**Data shown:**
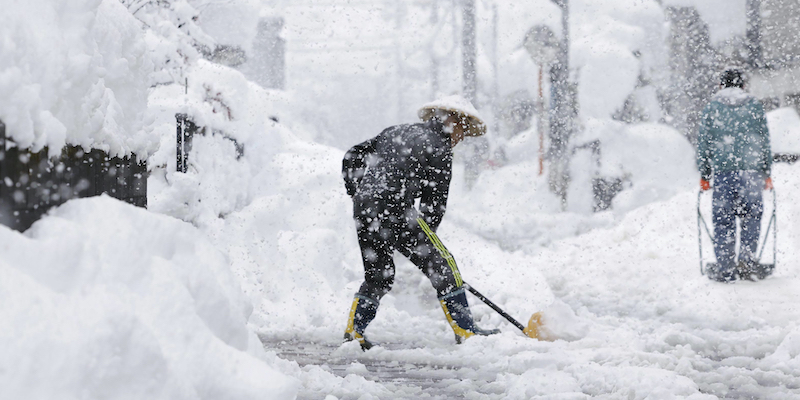 In Giappone le forti nevicate hanno causato almeno 13 morti e decine di feriti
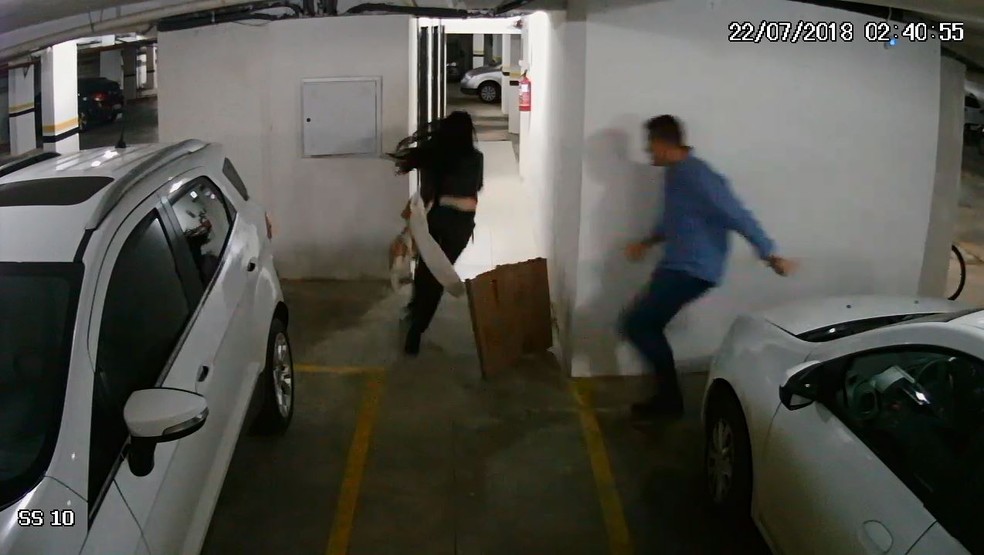 Tatiane entra correndo no elevador novamente tenta fugir de Luis Felipe (Foto: CÃ¢meras de seguranÃ§a)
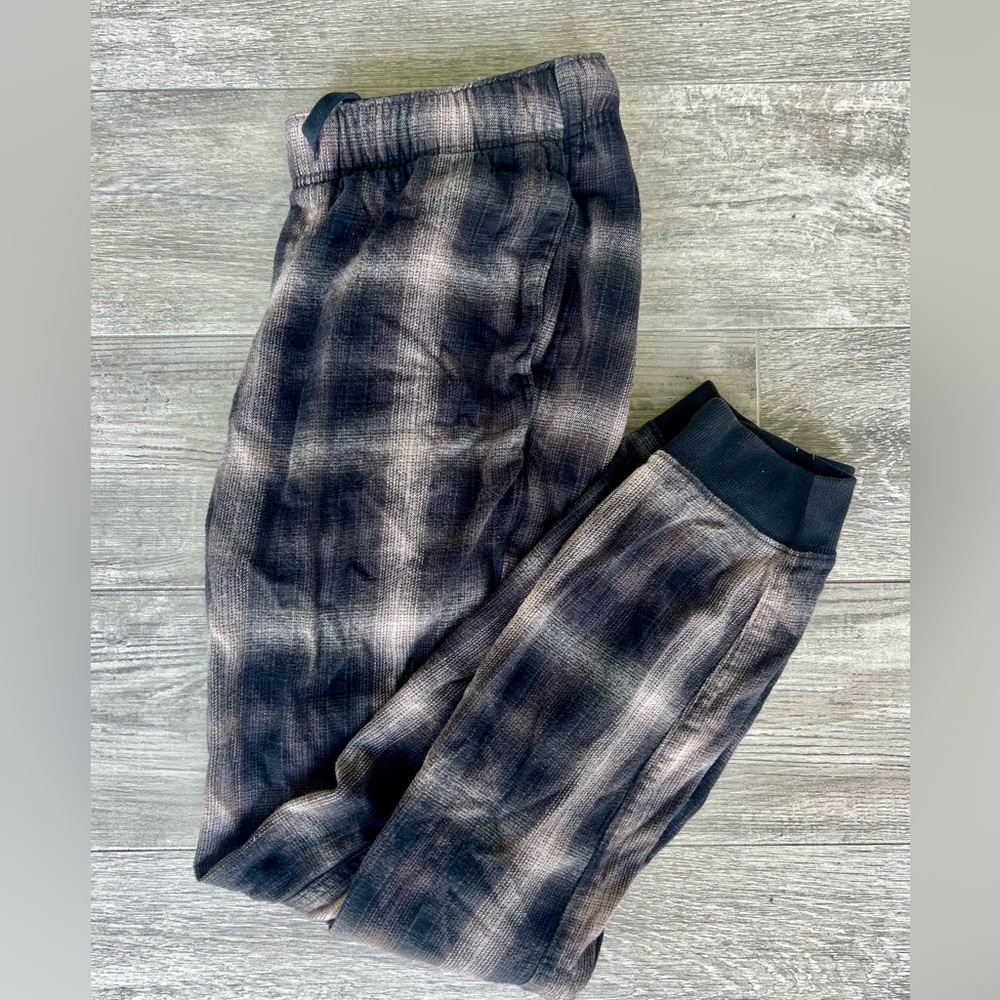 Plaid Men’s PJ Bottoms in Black and Gray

**Required work:** What is needed is a word-for-word copy of the data above, free of any images.

**Written reply:**
 In Giappone le forti nevicate hanno causato almeno 13 morti e decine di feriti
 Tatiane entra correndo no elevador novamente tenta fugir de Luis Felipe (Foto: CÃ¢meras de seguranÃ§a)
 Plaid Men’s PJ Bottoms in Black and Gray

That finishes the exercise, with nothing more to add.